Oireachtas Joint and Select Committees

Wednesday, 29 November 2017

Joint Oireachtas Committee on Health

Primary Care Expansion: Discussion

9:00 am

Dr. Ray Walley:

The health care system that wins all the awards is the Dutch system. When they developed GP and community care, they took 30 years to do it. The funding of community care in Holland is 10% of the budget and the funding of general practice is also of the order of 10% of the budget. They did not do it over five years. Five years is incredibly ambitious in a system whereby the secondary care system is in paralysis. We are all about ambition but we want reality because ultimately general practice is left with the difficulties. Let us look at the figures. Many GPs face impending retirement and there is an ageing workforce. The average age of a general practitioner is of the order of 43 to 44 years of age. We have a workload problem. We need to prioritise things.

Deputy Louise O'Reilly inquired about industrial action. Industrial action is already happening. The ultimate industrial action is emigration. Younger GPs are not waiting to see what will happen because we have been listening to this for 12 or 13 years. Unless general practice and community care are funded now, it will cost even more money, but we have to get away from the peaks and troughs. We have had troughs of many billions taken out. Now we are at a peak. We are spending what we should spend but we are not necessarily replacing the money to ensure that we are dealing with the troughs for many years.

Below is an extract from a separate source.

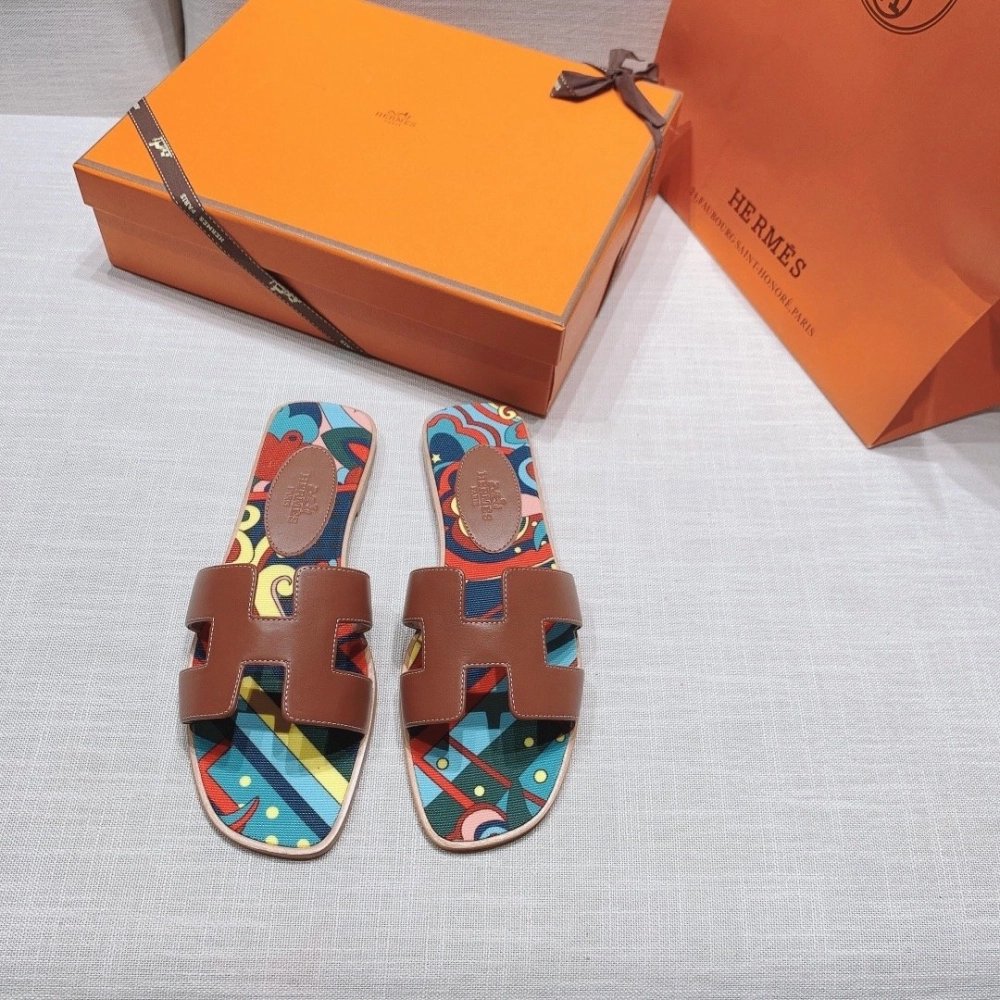 Hermes flat slides summer shoes_10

Getting back to Deputy Kelleher's question, when that happens, if one does not have appropriate funding, one has increased inappropriate prescribing. For example, the country with the lowest prescribing of antibiotics is Holland. One could ask why that is. It is because they have near-testing for C-reactive protein, CRP. We have looked for that. They have excellent daily, repeated access to blood tests. A person does not need to have it done in the surgery but he or she needs to access it somewhere. In the same way, it does not matter whether the X-ray is done in a hospital, in a surgery or a community care centre. As long as the machines are active all the time and being utilised in order that there are economies of scale, it does not matter where their location is. There is a higher incidence of antibiotic prescribing in some countries where there is not access to those tests. Ireland is at the lower level of antibiotic prescribing in the OECD but we need to improve on that. Last night I did a co-op shift. Three patients came in to me saying the only reason they were there was for an antibiotic. They were not interested in my opinion or an examination and none of the three satisfied the criteria for giving an antibiotic. As a result, I could not prescribe it. General practice and community care have to be funded to ensure we have effective health care going forward.